**** EXERCISE MATERIALS
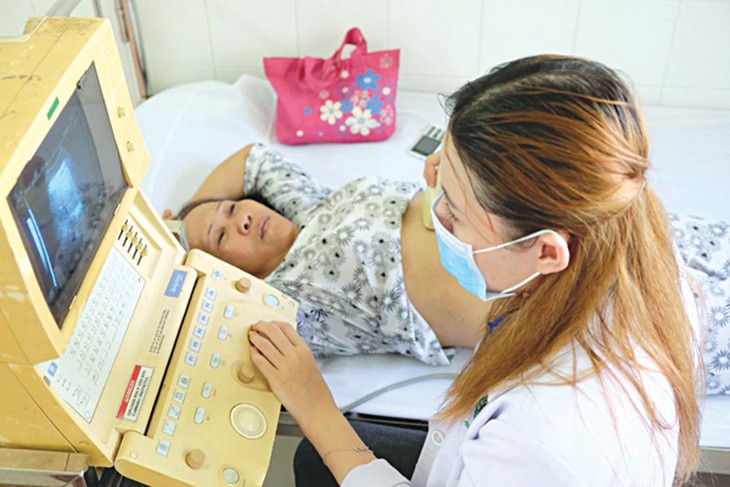 Bác sĩ TP.HCM chăm sóc sức khỏe ngư dân Côn Đảo
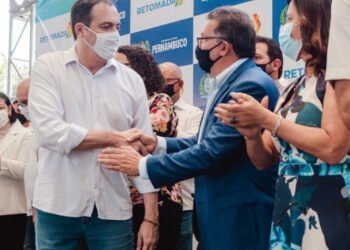 Prefeito de Wellington Maciel e Governador Paulo Câmara assinam convênios de quase R$ 3 milhões para obras dos acessos à Fundação Terra e ao CEDEC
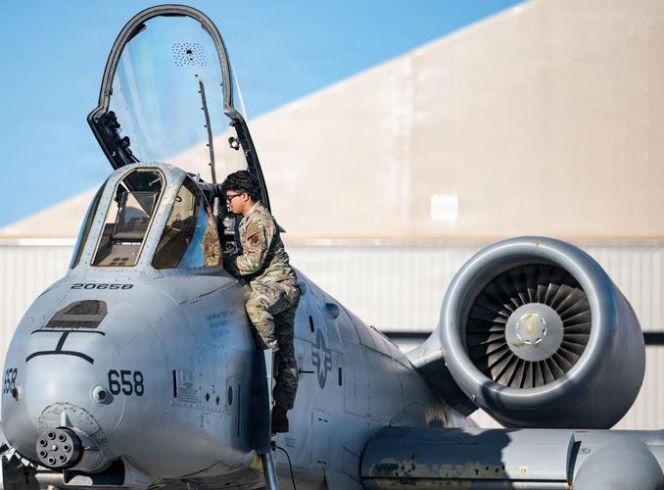 Koniec epoki "Guźca" w Arizonie. Siły Powietrzne USA pożegnały A-10 w bazie Davis-Monthan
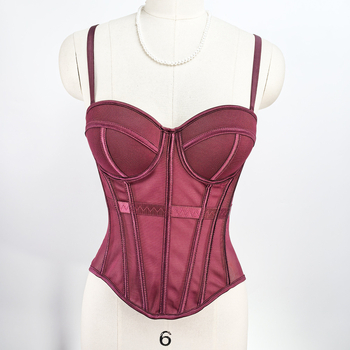 Корсет-потник с мрежесто плетиво, рибена кост, чашка 3/4, свалящи се двойни презрамки, закопчаване на 7 куки, вградени подплънки, стеснява талията и подчертава красив гръб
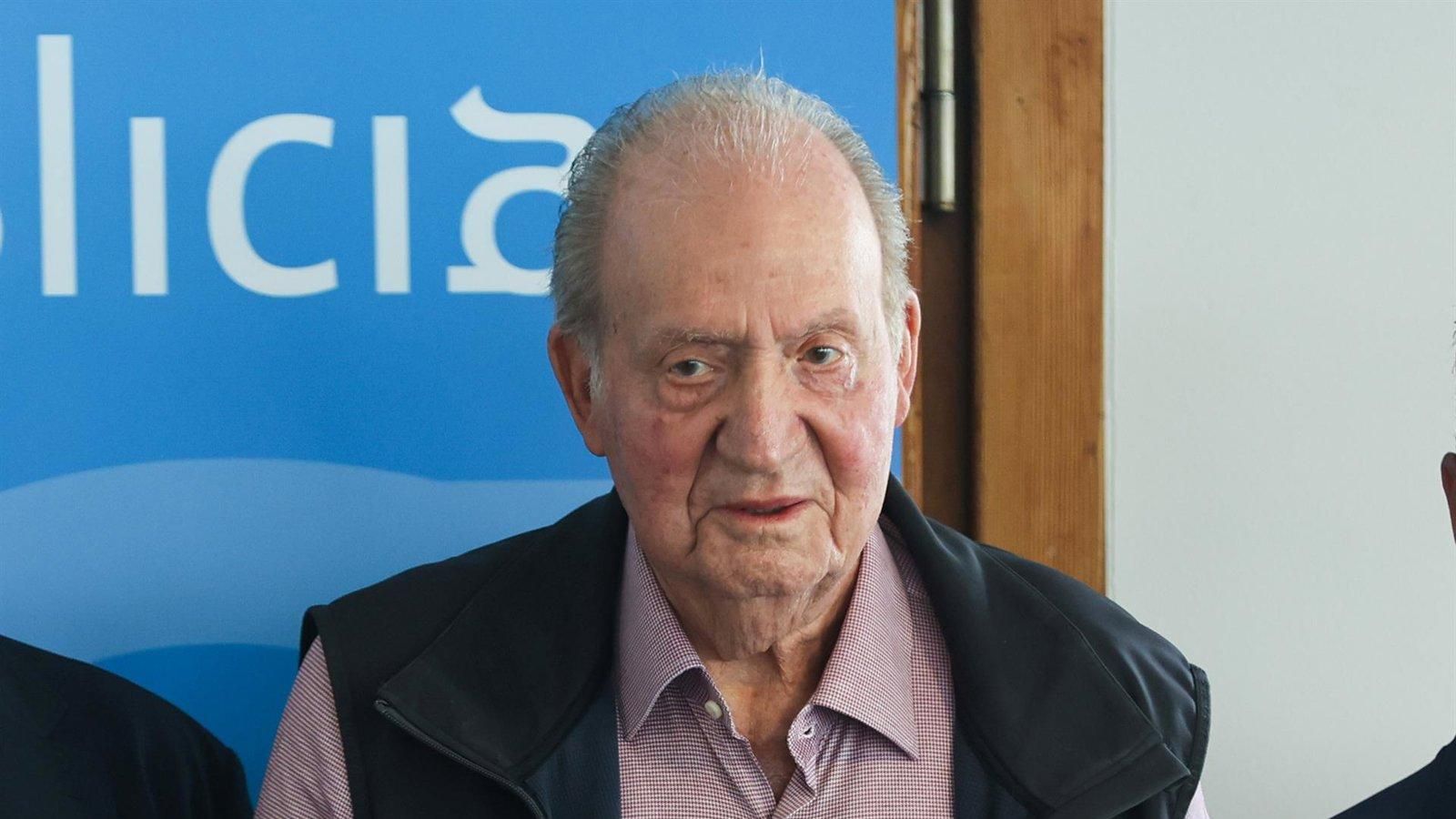 Juan Carlos I advierte de la fragilidad de la monarquía en España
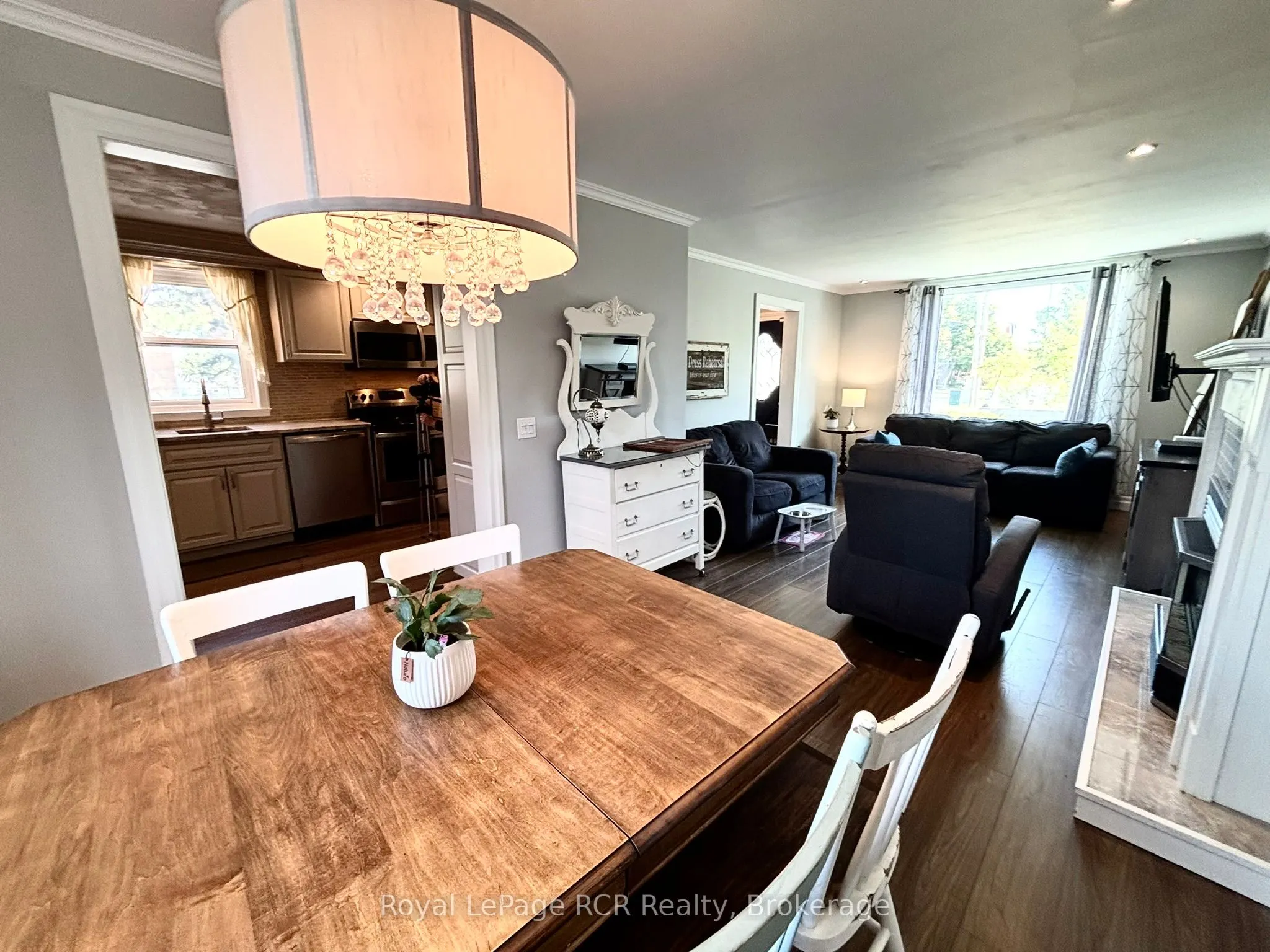 1198 2nd Avenue W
********
* YOUR GOAL *
Every line from the one containing "Корсет-потник с мрежесто" through the last line of the listing must be written out again exactly, and no other line. Leave the pictures aside.

* ANSWER BOX *
 Корсет-потник с мрежесто плетиво, рибена кост, чашка 3/4, свалящи се двойни презрамки, закопчаване на 7 куки, вградени подплънки, стеснява талията и подчертава красив гръб
 Juan Carlos I advierte de la fragilidad de la monarquía en España
 1198 2nd Avenue W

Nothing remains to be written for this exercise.